• [BRIEF]
Find the line with "Happy Birthday Winter" and the line with "KIT 2 Short" in the entries below; output exactly those two lines, every line between them, and no others.

··· PROVIDED INFORMATION ···

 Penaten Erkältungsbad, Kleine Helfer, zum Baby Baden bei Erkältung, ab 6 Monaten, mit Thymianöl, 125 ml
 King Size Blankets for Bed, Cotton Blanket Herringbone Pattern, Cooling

···
··· PROVIDED INFORMATION ···

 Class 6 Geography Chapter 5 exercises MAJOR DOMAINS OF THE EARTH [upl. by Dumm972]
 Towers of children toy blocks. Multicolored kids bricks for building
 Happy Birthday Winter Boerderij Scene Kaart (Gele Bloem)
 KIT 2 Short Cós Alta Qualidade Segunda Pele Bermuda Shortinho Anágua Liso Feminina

···

• [RESULT OF THE EXERCISE]
 Happy Birthday Winter Boerderij Scene Kaart (Gele Bloem)
 KIT 2 Short Cós Alta Qualidade Segunda Pele Bermuda Shortinho Anágua Liso Feminina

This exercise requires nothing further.